- LISTED RECORDS
◆ ◆ ◆ ◆ ◆ ◆ ◆

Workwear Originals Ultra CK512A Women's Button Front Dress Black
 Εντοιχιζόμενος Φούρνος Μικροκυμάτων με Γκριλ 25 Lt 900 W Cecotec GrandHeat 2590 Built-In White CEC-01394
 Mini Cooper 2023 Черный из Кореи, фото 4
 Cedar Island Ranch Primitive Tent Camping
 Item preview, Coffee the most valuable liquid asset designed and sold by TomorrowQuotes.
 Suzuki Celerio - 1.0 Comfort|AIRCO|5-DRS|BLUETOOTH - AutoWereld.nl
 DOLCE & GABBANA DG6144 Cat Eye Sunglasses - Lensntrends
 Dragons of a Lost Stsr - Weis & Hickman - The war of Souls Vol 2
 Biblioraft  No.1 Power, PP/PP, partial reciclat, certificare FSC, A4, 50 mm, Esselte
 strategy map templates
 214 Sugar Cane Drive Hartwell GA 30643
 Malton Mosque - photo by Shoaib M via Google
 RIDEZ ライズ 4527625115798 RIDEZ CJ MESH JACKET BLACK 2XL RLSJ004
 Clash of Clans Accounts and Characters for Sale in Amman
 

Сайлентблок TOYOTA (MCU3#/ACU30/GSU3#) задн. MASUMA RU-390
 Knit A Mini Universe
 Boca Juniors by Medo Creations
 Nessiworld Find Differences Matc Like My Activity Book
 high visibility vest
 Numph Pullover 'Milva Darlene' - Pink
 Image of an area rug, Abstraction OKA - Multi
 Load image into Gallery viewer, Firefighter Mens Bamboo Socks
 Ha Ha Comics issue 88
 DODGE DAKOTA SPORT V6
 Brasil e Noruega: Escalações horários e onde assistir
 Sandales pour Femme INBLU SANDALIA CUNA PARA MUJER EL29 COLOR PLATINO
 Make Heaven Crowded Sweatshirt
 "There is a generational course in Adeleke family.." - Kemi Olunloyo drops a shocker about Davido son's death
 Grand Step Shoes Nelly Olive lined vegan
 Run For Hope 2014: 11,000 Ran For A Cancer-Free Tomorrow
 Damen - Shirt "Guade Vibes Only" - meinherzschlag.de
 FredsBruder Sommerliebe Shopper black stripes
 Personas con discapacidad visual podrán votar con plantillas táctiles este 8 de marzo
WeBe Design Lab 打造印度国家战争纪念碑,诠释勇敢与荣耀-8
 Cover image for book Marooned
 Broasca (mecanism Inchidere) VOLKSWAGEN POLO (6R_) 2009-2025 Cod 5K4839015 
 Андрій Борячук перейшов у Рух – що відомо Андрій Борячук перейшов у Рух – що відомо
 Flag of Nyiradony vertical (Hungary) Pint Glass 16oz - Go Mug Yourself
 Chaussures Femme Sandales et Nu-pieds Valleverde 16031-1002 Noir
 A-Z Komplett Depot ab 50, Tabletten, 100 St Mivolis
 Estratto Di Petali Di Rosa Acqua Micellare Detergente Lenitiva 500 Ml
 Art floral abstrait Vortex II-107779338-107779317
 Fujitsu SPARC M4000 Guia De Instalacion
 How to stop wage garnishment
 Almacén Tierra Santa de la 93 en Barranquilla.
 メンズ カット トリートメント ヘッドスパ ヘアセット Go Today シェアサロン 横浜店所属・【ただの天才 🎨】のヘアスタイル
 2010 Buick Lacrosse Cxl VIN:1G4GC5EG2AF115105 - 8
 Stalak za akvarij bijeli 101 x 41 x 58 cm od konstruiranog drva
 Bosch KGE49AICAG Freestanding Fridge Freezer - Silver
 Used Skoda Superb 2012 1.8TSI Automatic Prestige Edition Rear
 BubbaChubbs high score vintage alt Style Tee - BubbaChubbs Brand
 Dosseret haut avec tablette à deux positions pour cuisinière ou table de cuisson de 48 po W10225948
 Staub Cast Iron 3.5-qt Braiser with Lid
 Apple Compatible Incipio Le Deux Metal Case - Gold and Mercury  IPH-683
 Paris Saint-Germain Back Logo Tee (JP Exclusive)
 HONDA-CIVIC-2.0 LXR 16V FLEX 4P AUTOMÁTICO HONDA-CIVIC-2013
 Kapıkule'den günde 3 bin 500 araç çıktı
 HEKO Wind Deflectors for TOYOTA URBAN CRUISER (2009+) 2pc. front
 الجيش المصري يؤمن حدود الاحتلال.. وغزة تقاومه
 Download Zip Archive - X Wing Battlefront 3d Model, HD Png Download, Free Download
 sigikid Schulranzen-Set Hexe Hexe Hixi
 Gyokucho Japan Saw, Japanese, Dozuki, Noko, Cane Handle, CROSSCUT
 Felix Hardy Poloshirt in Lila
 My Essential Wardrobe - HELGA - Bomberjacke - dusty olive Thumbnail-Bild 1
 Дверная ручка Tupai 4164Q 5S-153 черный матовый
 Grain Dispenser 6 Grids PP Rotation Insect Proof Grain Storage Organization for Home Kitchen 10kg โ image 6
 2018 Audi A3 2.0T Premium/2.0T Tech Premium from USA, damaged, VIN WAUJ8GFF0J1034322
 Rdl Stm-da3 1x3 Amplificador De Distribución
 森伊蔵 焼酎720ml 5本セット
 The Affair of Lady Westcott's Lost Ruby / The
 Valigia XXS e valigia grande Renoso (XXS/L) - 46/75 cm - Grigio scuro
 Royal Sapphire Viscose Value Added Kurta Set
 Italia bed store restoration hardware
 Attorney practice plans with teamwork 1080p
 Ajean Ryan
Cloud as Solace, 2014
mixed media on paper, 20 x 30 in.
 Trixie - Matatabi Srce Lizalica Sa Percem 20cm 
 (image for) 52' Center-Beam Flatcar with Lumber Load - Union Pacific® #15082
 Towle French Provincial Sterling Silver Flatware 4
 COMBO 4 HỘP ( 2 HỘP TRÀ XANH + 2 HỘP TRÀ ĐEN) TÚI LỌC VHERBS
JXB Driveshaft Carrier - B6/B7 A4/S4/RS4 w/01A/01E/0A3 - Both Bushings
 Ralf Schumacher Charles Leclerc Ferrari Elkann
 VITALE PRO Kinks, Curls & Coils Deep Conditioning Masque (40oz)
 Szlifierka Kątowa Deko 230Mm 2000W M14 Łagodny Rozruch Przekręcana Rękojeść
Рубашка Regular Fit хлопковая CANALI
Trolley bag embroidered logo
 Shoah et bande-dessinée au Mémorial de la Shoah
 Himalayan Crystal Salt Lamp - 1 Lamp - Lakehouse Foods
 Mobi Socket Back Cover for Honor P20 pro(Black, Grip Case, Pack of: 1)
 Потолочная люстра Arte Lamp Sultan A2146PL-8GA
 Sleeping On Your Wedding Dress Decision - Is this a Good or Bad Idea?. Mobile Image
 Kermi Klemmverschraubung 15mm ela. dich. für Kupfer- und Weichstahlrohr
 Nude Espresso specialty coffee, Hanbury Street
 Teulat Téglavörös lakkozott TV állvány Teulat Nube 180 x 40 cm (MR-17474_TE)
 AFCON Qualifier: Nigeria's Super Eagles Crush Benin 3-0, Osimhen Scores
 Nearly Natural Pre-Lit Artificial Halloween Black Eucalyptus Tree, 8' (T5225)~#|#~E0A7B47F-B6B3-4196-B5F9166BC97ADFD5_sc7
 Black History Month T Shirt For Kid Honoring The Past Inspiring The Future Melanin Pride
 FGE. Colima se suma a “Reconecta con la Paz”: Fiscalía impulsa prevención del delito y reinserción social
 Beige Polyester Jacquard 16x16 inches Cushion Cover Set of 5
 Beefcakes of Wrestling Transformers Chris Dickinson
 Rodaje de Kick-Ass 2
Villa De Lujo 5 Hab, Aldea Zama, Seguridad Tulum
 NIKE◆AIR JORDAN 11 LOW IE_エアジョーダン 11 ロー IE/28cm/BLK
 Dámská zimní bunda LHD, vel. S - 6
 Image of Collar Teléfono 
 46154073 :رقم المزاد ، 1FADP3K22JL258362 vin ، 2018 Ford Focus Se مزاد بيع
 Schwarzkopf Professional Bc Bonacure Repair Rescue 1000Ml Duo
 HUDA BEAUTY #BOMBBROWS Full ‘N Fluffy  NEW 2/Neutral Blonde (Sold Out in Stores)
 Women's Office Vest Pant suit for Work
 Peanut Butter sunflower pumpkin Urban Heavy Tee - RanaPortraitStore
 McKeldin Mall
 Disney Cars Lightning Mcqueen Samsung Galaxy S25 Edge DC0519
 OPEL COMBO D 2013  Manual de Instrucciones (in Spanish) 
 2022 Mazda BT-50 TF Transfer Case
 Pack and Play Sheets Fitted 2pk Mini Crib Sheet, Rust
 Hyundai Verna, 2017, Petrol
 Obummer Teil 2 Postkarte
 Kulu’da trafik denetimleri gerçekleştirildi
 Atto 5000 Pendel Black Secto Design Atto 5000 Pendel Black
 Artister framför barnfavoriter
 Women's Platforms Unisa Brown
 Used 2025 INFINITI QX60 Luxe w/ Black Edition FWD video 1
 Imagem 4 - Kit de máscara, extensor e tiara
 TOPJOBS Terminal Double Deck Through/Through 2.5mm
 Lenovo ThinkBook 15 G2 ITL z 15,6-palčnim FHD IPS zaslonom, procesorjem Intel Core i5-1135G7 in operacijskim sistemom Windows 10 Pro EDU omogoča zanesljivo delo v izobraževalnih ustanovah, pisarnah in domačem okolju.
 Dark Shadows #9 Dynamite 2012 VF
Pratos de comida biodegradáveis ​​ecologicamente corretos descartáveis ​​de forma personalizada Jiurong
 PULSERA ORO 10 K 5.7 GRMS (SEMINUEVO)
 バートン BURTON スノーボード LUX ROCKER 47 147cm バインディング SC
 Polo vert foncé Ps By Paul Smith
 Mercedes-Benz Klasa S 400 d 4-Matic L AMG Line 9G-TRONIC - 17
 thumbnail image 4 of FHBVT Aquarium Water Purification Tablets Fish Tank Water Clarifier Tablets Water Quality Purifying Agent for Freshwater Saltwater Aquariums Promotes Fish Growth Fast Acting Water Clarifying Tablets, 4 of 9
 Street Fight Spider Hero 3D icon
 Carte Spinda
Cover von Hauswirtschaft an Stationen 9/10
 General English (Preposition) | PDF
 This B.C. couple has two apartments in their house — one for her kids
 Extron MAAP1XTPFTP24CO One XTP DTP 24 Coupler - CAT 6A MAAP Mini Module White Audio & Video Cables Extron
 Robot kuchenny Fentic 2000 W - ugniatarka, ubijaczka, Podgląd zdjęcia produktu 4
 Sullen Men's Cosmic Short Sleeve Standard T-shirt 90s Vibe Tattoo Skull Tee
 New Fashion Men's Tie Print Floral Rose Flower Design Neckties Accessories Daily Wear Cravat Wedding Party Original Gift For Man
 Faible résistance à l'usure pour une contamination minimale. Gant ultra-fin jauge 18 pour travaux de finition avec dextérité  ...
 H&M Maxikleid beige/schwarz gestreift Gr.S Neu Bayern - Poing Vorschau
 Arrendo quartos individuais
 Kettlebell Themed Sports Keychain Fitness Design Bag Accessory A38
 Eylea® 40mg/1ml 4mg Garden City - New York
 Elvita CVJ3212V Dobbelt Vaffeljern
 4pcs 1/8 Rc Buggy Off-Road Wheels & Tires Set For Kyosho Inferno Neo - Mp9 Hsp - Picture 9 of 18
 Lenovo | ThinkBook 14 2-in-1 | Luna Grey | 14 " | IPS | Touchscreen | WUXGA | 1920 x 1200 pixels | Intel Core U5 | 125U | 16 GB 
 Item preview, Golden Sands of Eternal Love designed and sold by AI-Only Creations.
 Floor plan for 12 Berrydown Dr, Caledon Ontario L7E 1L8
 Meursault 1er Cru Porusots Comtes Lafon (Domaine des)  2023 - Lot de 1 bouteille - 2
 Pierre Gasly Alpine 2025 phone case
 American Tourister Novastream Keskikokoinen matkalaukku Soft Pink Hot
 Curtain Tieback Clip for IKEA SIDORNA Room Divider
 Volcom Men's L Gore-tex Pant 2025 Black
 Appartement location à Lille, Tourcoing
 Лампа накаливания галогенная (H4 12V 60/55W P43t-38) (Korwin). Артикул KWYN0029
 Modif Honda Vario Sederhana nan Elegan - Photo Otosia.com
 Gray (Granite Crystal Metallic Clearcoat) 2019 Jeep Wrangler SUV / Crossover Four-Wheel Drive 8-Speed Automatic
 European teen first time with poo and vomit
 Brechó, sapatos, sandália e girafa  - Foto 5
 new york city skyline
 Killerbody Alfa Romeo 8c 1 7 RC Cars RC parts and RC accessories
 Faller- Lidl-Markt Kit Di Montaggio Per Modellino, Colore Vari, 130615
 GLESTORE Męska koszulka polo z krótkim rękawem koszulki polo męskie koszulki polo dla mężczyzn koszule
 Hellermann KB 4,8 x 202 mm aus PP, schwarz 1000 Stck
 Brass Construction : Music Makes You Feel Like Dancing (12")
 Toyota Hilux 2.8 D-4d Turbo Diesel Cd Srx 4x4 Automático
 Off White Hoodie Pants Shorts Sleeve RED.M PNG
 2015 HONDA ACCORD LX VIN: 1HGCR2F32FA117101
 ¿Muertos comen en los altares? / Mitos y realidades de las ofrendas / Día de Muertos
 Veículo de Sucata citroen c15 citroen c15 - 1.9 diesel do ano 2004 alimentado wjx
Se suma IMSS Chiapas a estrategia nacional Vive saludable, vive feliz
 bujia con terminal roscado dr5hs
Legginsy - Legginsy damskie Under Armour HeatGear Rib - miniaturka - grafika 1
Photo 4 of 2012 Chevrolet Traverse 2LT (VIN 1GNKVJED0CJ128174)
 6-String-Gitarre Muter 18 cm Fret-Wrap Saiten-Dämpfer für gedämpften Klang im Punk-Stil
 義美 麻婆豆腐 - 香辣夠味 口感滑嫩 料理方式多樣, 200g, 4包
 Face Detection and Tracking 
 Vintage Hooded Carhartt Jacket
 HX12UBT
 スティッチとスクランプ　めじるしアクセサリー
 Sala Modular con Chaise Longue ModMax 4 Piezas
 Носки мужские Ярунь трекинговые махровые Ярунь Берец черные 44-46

◆ ◆ ◆ ◆ ◆ ◆ ◆

- EXERCISE INSTRUCTIONS
What lines in the data above contain the word "preview"? Copy them all.

- SOLUTION TO THIS PROBLEM
 Item preview, Coffee the most valuable liquid asset designed and sold by TomorrowQuotes.
 Item preview, Golden Sands of Eternal Love designed and sold by AI-Only Creations.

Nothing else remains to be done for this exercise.